Qui est Sherrie Levine?

Sherrie Levine est une artiste américaine célèbre pour son travail dans le domaine de la photographie, de la peinture et de l'art conceptuel. Elle est devenue célèbre à la fin des années 1970 et dans les années 1980. Son art remet en question les idées sur l'originalité et la valeur de l'art en utilisant et en modifiant des images et des objets existants.


Où Sherrie Levine a-t-elle grandi et étudié l'art ?

Levine a grandi dans la banlieue de Saint-Louis, dans le Missouri. Sa mère l'a initiée très tôt à l'art. Elle a obtenu sa licence en 1969 et son master en beaux-arts en 1973 à l'Université du Wisconsin à Madison. En 1975, elle s'est installée à New York pour commencer sa carrière artistique.


Comment Levine s’est-elle imposée comme une figure de proue de l’art de l’appropriation ?

Levine a participé à l'exposition « Pictures » à l'Artists Space de New York en 1977. Ce fut un moment clé pour la « Pictures Generation ». Sa série « After Walker Evans » à la Metro Pictures Gallery en 1981 a fait d'elle une figure majeure de l'appropriation art.


Quelle est la série la plus célèbre de Levine et quel impact a-t-elle eu sur le monde de l’art ?

La série « After Walker Evans » de Levine est sa plus célèbre. Elle présente des images re-photographiées du travail d'Evans sur la Grande Dépression. Cette série a suscité la controverse et des problèmes juridiques, mais le Metropolitan Museum of Art a acheté la série entière. Elle montre la critique de Levine de l'originalité et ses réflexions sur la propriété des images à l'ère de la reproduction.


Comment le travail de Levine se rapporte-t-il à l’art et à la théorie féministes ?

L'œuvre de Levine est liée à la théorie féministe des années 1980. Son utilisation d'œuvres d'artistes masculins critique le monde de l'art dominé par les hommes. Levine a participé à l'exposition « Difference: On Representation and Sexuality » en 1984, qui explorait le genre et la sexualité.


Quelles sont les autres œuvres et séries notables de Levine ?

Outre « After Walker Evans », Levine a réalisé de nombreuses œuvres importantes. Elle a rephotographié des images d'Eliot Porter et d'Edward Weston, a réalisé des aquarelles basées sur l'œuvre de Fernand Léger et a créé des sculptures inspirées de Marcel Duchamp et de Constantin Brâncuși. Sa sculpture « Fountain » de 1991, un urinoir en bronze inspiré de l'œuvre de Duchamp, montre sa capacité à remettre en question ce qui fait un objet d'art.

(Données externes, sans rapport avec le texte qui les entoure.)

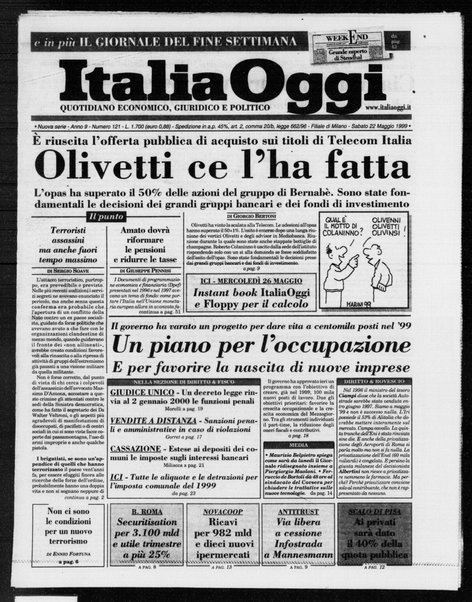 Italia oggi : quotidiano di economia finanza e politica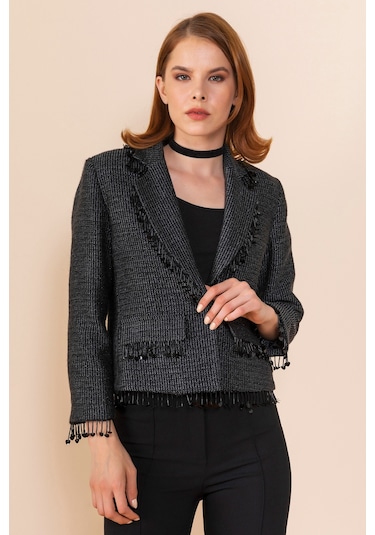 Serpil Exclusive Kadın Püskül Detaylı Kısa Blazer Ceket Siyah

Comment l’œuvre de Levine a-t-elle influencé l’art contemporain ?

Le travail de Levine dans le domaine de l'appropriation artistique a grandement influencé les artistes qui lui ont succédé, en particulier à l'ère numérique. Son questionnement sur la paternité et l'originalité est plus pertinent aujourd'hui, avec les discussions sur le droit d'auteur, l'utilisation équitable et la créativité dans le monde numérique. Les artistes contemporains continuent d'explorer et d'élargir les idées de Levine.